It’s great to align webinars with your own goals, but the most successful webinars start with the audience and their needs. Otherwise, no one will want to attend your webinar, and those who do will be disappointed – and your reputation will suffer.

So whether you’re driving new leads or onboarding customers, here’s how to make your webinar all about your audience.

1. Take questions before the webinar
On your webinar registration page, confirmation page or email, give registrants the opportunity to submit questions or topics they want to learn more about. This tactic has two big benefits:

It adds a level of audience involvement making registrants more likely to attend the webinar.
It helps you tailor your content around the topics your audience cares most about.
2. Poll attendees and use their feedback in real-time

Avoid treating a webinar like a stage, where all the communication flows one way – boring! Instead, take advantage of the interactive nature of a webinar and engage your audience with polls and other interactive features like hand raising.

Ask your audience questions about their pain points, challenges, goals, and expertise or experience with a given subject. Try asking fun questions just to break the ice and establish rapport.

Erica Maki, our resident webinar pro and Senior Engagement Program Manager, explains:

Not only is polling a great way to keep an audience attentive and engaged, it helps you learn about your audience as well. If I’m unsure of my audience, I like to start with an early poll to find out what role people are in. This helps me decide where to spend the most time during a session.

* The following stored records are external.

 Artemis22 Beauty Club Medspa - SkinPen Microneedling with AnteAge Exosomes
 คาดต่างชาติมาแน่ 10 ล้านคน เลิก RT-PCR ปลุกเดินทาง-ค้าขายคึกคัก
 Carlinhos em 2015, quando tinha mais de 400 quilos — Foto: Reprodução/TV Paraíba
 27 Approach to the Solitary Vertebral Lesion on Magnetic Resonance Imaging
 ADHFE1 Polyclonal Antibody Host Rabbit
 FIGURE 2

I’ll also use simple verbal poll questions – if an attendee asks an interesting question, I’ll throw that question right back to the audience and then share their suggestions. This is a great way to make a webinar interactive and learn some new tricks.

She continues:

To get a feel for the virtual audience, I also use the hand-raising feature. By asking a question (“Is this demo helpful?”) I can see hands go up and I know the audience is engaged. I even had a webinar attendee suggest using hand-raising to give a virtual “high-five” to the webinar speaker – I shared this tip back out to the audience of course!

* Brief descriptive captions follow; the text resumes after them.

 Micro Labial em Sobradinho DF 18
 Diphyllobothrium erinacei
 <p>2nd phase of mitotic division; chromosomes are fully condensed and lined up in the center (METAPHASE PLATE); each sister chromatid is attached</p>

Lastly, use attendees’ responses to tailor the content to the audience. This will make the webinar feel like a two-way conversation and your audience will appreciate the personalized content.

3. Make it mobile-friendly
Audience-centric webinars mean providing easy access for your participants no matter where or how they are joining the webinar. Nearly 10% of GoToWebinar webinar attendees come from mobile devices.

What does that mean for you? Make sure the webinar solution you’re using is optimized for mobile attendees and that it’s simple to join the webinar and participate from their mobile device.

If you’re using GoToWebinar, use webcast mode which enables all attendees – mobile and desktop users – to conveniently join from their browser with a link. GoToWebinar also has a convenient mobile app, which makes joining any webinar super simple.

4. Encourage questions
According to The Big Book of Webinar Stats, 78% of marketing webinars and 82% of training webinars use Q&A, and for good reason – audiences love it.

During the webinar, encourage attendees to submit their questions. Respond to questions by having another webinar organizer (not the presenter) send the answers directly to attendees or answer questions live on the webinar. We recommend you do both.

When answering questions live on the webinar, select common or interesting questions.

Make sure you respond to all questions either during the webinar or in a follow-up after the webinar.

5. Keep the conversation going
Follow-up with your customers immediately after the webinar with a recording, the webinar slides, and any other relevant materials. Thank them for participating and invite ideas for future webinars. Log complaints, if any, and act on solutions.

Finally, let them know how to keep the conversation going. Should they follow you on social? Can they engage with a specific hashtag? Where can they go to learn more?

For marketing webinars, use all the great insight from the webinar – poll responses and questions – to segment your audience and nurture them with targeted messages.